REQUIREMENT: Print only the lines from the one with "Akkoyunlu home Barbera" through the end of the data, exactly, and please omit pictures.

Caption-style text data
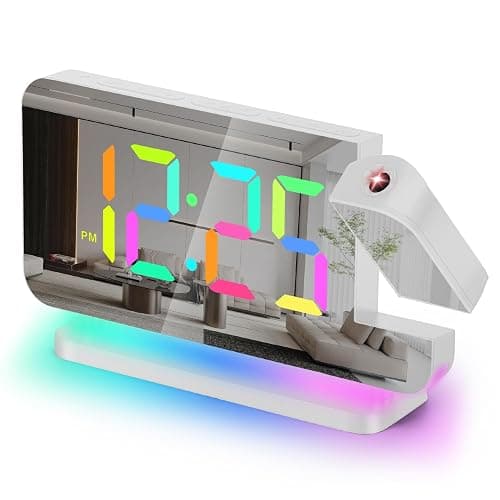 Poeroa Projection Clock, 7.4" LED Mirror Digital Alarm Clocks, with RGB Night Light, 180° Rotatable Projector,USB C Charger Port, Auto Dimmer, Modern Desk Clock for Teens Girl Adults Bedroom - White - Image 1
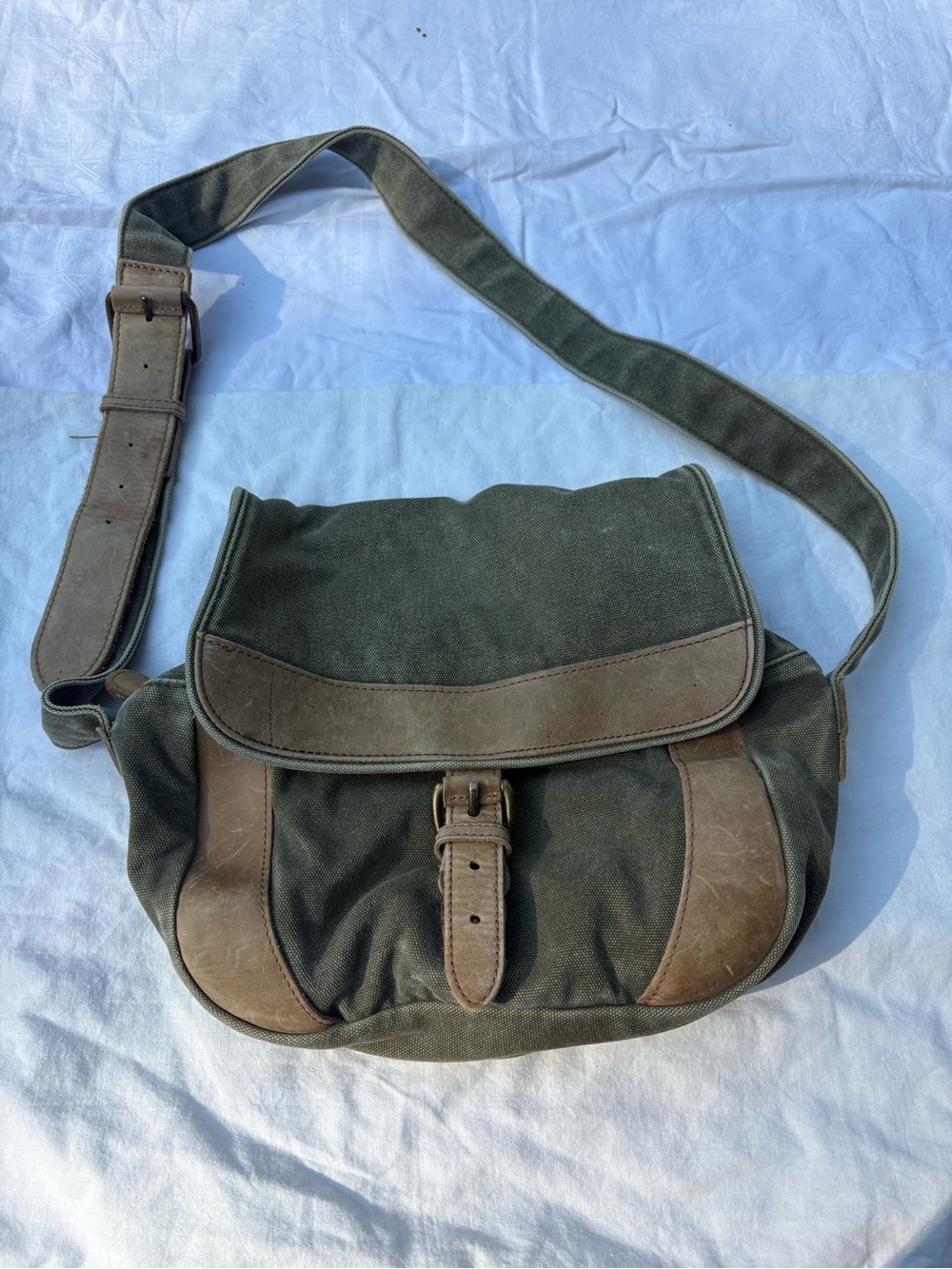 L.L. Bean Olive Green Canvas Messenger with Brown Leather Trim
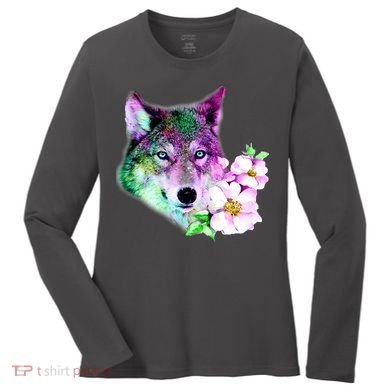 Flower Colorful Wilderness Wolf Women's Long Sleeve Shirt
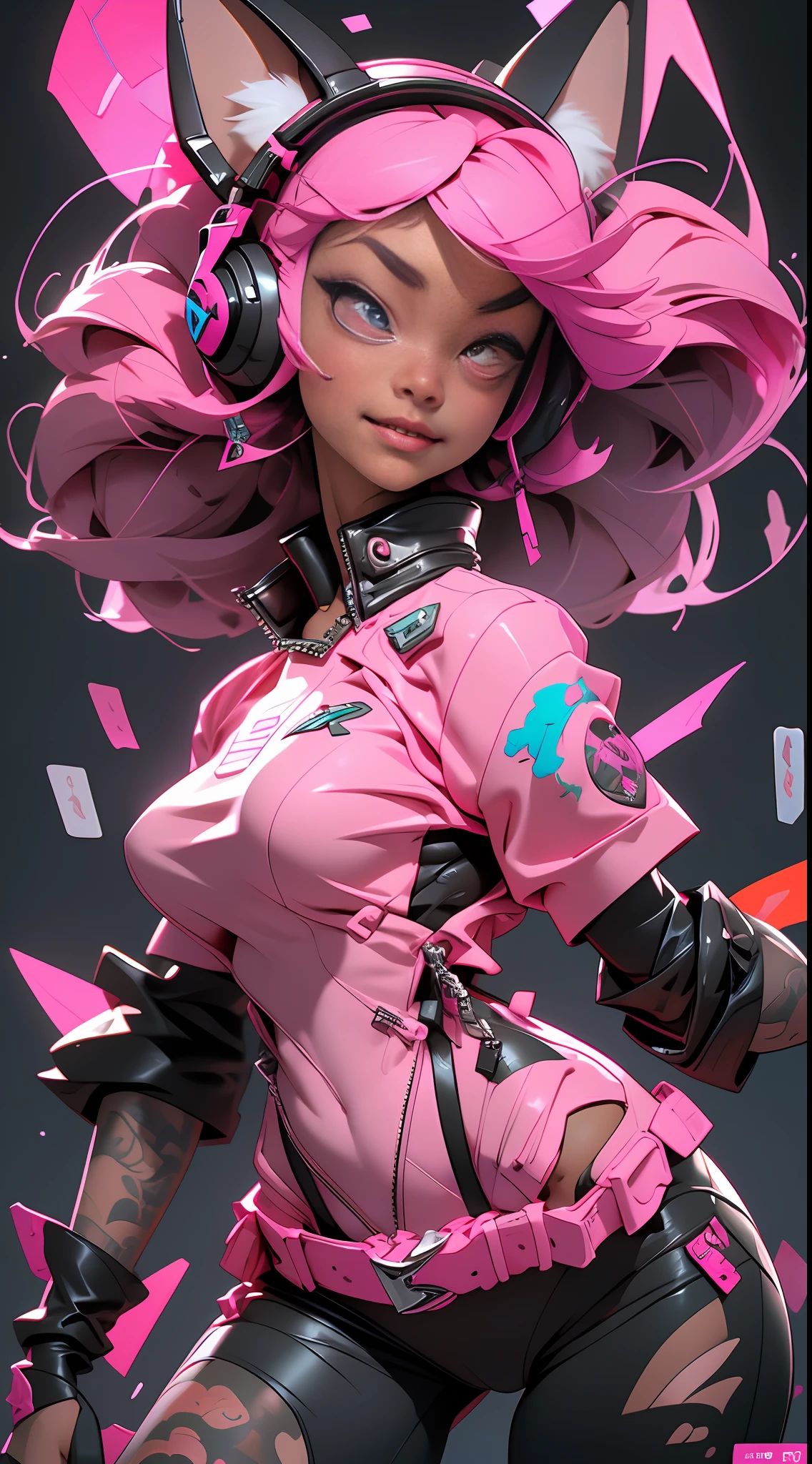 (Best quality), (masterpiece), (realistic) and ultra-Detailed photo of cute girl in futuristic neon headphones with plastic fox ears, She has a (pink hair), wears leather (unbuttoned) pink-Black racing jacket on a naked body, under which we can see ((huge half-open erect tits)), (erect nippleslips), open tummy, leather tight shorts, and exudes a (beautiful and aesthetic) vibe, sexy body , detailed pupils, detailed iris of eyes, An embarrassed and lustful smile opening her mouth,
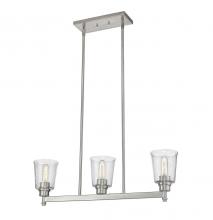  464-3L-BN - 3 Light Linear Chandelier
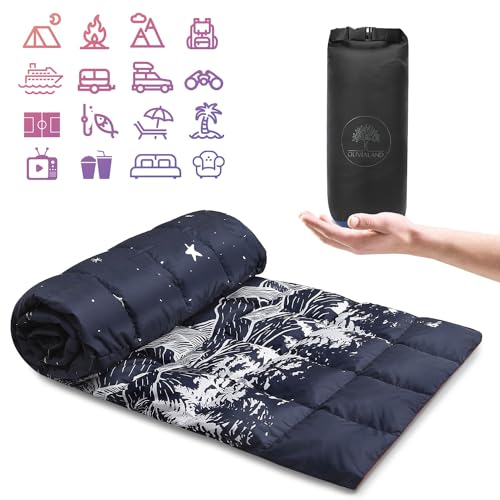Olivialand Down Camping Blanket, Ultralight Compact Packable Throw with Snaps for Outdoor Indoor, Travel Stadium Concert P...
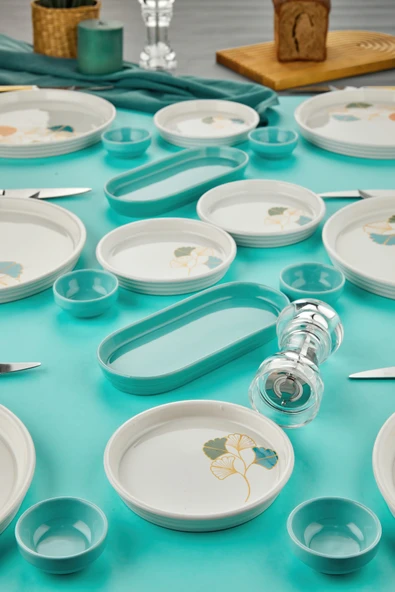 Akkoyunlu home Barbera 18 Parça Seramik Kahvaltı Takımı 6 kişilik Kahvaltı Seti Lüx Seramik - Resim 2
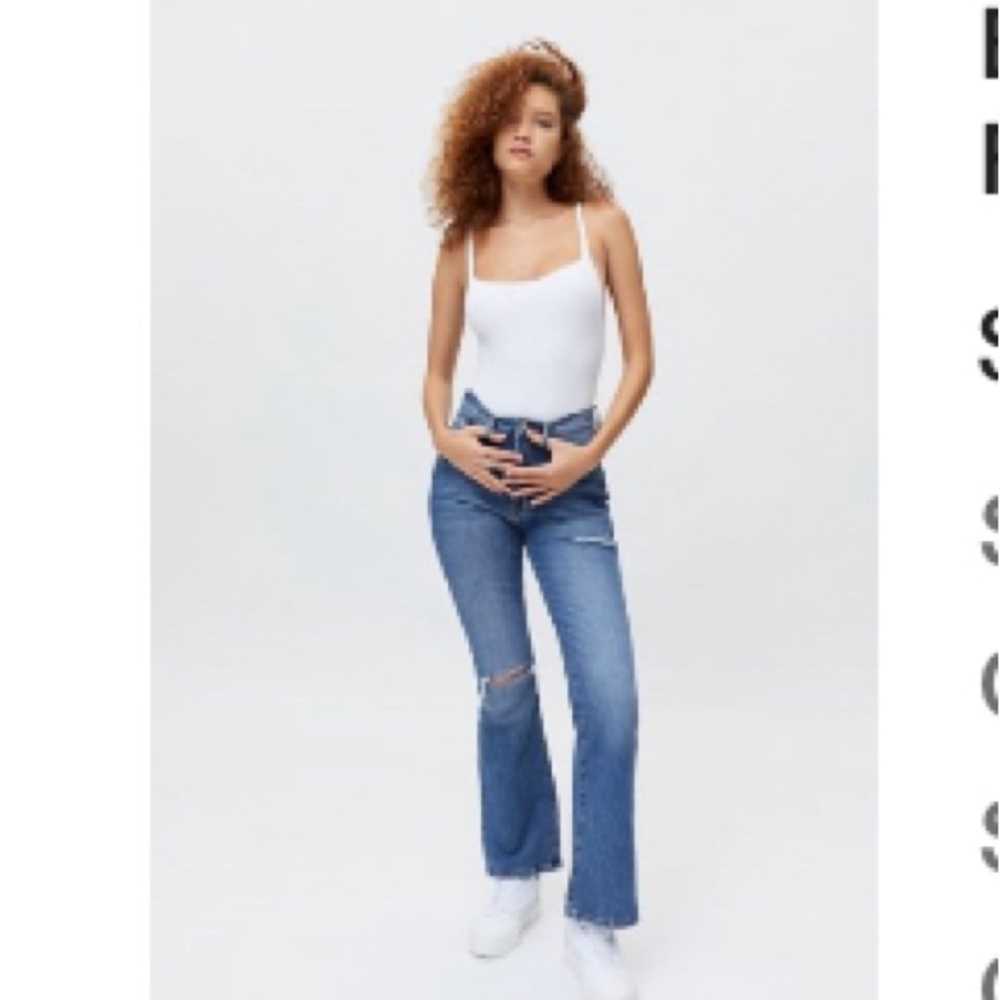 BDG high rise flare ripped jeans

YOUR SOLUTION:
 Akkoyunlu home Barbera 18 Parça Seramik Kahvaltı Takımı 6 kişilik Kahvaltı Seti Lüx Seramik - Resim 2
 BDG high rise flare ripped jeans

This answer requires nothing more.